Con tal de ver realizados sus objetivos económicos y territoriales, estos actores no evitarán la guerra de agresión, o cuando menos la interferencia y la participación activa en guerras de terceros

Por distintas vías, la continuidad encubierta fue también el denominador común. En la conmemoración revolucionaria de noviembre de 1937, Stalin justificó la necesidad de preservar el imperio construido por los zares. Su concepción de Rusia como “patria del socialismo” será la fachada para el agresivo imperialismo que guía la política estaliniana de 1939 a la invasión de Checoslovaquia que Brezhnev rubricó al invadir Checoslovaquia en 1968. Una vez en el poscomunismo, Putin se entrega por todos los medios, a reconstruir el espacio antes dominado por la URSS, cuya caída definió como “la mayor catástrofe geopolítica del siglo XX”.

En China, el enlace con el Imperio tuvo otro origen. Aquí es Mao quien habla de sus “predecesores” imperiales, Guangxu y el propio PuYi, presentándose como émulo del primer emperador.
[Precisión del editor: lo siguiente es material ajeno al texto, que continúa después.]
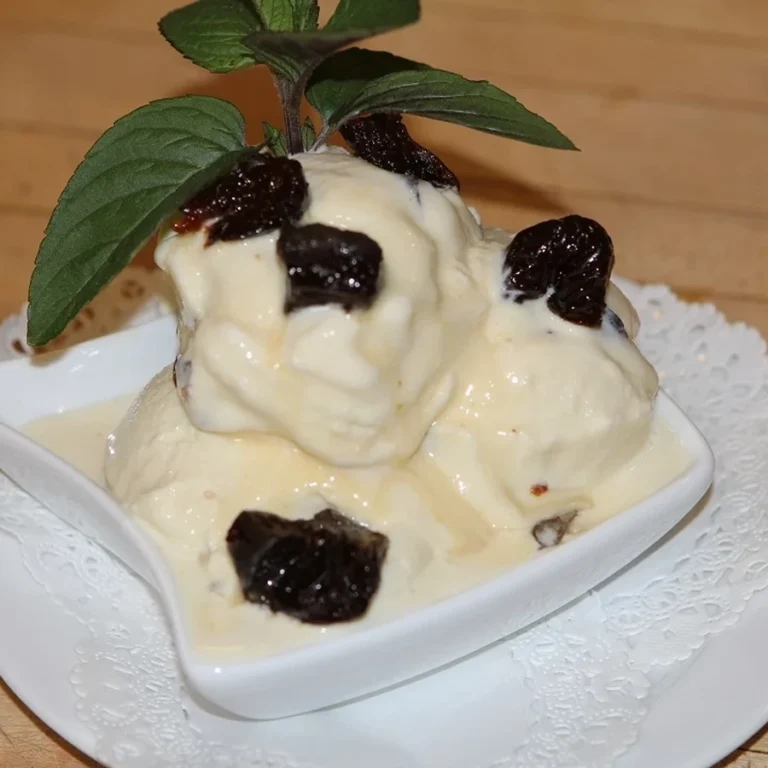 Crème glacée à la vanille avec pruneaux à l’Armagnac facultatifs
Y su concepto de integridad territorial tiene el Imperio como antecedente directo, siendo mantenido por sus sucesores, sobre Tíbet, la secesión de Taiwán o el mar de China.

En Irán y en Turquía, la continuidad sigue los meandros de los conflictos y la dominación de signo religioso. De modo bien simple en el Irán de Jomeini: con el Shah era ya una potencia regional, económica y militar. El imperio persa había surgido siglos atrás sustentado en el chiismo.
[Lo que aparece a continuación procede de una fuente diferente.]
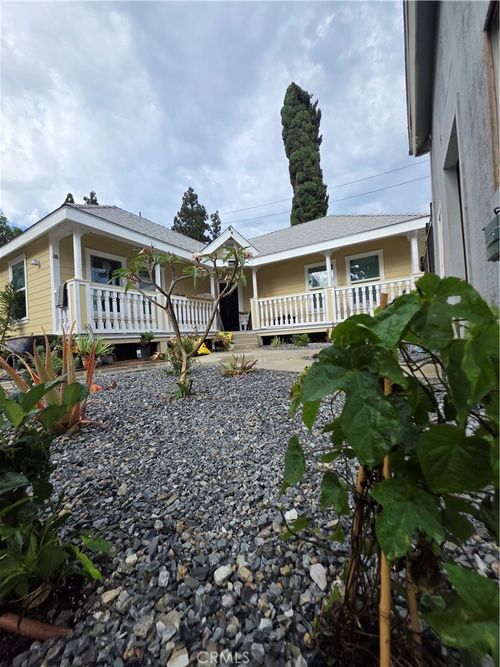 402 E Pine, Santa Ana, CA, 92701 | Card Image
El caso turco fue más complejo, puesto que el proyecto nacional de Turquía, trazado por Mustafá Kemal, se basó en la abolición del Imperio otomano. La consolidación del Estado moderno y laico de Kemal tropezó sin embargo con el predominio de una mentalidad religiosa tradicional, que condenó hasta hoy al kemalismo político a ser minoritario. Y ante su crisis en el fin de siglo, Erdogan diseñó una estrategia de desmantelamiento islamista del kemalismo, inspirada en la grandeza del Imperio otomano. El proyecto necesitaba fundir ese espíritu de conquista islámico con un nacionalismo movilizador, y Erdogan dio con la fórmula en la poesía de Ziya Gökalp, que le llevó a la cárcel en 1997: las mezquitas como cuarteles, la religión como instrumento militar de la nación. Erdogan de 2020 está ya ahí.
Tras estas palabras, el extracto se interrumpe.